🤖 AI Summary
To address accumulator overflow—a critical issue degrading accuracy in low-precision post-training quantization (PTQ) of large language models—this paper proposes AXE, the first accumulator-aware PTQ framework. Methodologically, AXE jointly optimizes accumulator modeling and weight/activation quantization, integrating state-of-the-art PTQ algorithms (e.g., GPFQ, OPTQ), enforcing provably safe scaling factor constraints, and introducing multi-stage accumulator modeling with support for generalized multi-level accumulation. Its core contributions are: (i) the first PTQ framework to formally guarantee accumulator overflow avoidance, and (ii) a holistic data-path co-optimization mechanism spanning quantization, scaling, and accumulation. Experiments on image classification and language generation models demonstrate that AXE achieves either a 1–2-bit reduction in accumulator bit-width at comparable accuracy, or significant improvements in Top-1 accuracy and BLEU scores at fixed bit-widths—thereby substantially improving the accuracy–bit-width trade-off.
📝 Abstract
Several recent studies have investigated low-precision accumulation, reporting improvements in throughput, power, and area across various platforms. However, the accompanying proposals have only considered the quantization-aware training (QAT) paradigm, in which models are fine-tuned or trained from scratch with quantization in the loop.
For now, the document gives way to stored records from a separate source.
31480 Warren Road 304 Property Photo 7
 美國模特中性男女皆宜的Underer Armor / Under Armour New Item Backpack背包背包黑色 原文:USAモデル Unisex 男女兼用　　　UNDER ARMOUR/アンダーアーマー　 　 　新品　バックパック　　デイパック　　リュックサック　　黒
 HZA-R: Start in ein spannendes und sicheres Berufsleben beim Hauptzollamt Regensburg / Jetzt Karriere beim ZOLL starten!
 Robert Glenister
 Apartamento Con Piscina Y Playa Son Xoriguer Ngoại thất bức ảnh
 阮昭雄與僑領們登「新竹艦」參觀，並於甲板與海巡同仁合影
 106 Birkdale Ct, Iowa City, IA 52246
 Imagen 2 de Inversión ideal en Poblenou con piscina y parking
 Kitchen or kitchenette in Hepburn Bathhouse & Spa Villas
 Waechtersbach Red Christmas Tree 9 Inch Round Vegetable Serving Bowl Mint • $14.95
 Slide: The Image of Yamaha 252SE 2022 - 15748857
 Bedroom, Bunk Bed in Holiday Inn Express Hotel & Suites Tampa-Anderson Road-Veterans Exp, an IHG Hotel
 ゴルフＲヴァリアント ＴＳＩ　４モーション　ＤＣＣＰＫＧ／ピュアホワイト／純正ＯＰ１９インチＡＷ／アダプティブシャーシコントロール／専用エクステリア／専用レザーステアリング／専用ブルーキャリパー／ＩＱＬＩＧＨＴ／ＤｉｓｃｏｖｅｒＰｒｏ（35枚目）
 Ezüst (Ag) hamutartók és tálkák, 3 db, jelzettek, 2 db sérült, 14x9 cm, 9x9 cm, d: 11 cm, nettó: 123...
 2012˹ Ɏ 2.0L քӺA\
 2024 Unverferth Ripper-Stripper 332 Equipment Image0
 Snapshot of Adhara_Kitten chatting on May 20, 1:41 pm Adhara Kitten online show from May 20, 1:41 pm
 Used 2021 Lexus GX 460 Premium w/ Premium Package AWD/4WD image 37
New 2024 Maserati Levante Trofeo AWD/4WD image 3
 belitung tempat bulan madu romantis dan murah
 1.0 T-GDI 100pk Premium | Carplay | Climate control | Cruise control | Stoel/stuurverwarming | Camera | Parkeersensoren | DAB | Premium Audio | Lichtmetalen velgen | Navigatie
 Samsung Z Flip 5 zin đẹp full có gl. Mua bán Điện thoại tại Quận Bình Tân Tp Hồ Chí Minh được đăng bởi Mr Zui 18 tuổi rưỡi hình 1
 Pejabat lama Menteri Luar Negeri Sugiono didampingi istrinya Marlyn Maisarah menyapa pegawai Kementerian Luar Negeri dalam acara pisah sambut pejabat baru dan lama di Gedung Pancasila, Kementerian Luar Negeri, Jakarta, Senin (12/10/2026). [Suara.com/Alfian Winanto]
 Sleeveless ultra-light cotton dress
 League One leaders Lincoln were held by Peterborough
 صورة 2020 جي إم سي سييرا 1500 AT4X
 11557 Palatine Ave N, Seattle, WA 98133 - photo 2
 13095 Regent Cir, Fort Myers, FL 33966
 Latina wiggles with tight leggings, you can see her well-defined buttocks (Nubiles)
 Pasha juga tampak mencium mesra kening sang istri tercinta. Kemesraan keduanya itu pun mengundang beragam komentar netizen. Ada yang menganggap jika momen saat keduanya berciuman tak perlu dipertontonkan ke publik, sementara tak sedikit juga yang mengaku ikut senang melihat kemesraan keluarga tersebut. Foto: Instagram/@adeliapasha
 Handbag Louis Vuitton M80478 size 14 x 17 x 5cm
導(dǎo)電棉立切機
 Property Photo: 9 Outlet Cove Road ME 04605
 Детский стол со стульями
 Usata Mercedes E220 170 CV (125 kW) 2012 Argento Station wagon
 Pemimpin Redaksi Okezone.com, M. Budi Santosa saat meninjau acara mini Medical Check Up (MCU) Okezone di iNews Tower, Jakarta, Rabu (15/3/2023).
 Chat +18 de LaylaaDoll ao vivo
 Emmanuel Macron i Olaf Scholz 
As models continue to grow in size, QAT techniques become increasingly more expensive, which has motivated the recent surge in post-training quantization (PTQ) research. To the best of our knowledge, ours marks the first formal study of accumulator-aware quantization in the PTQ setting. To bridge this gap, we introduce AXE, a practical framework of accumulator-aware extensions designed to endow overflow avoidance guarantees to existing layer-wise PTQ algorithms. We theoretically motivate AXE and demonstrate its flexibility by implementing it on top of two state-of-the-art PTQ algorithms: GPFQ and OPTQ. We further generalize AXE to support multi-stage accumulation for the first time, opening the door for full datapath optimization and scaling to large language models (LLMs). We evaluate AXE across image classification and language generation models, and observe significant improvements in the trade-off between accumulator bit width and model accuracy over baseline methods.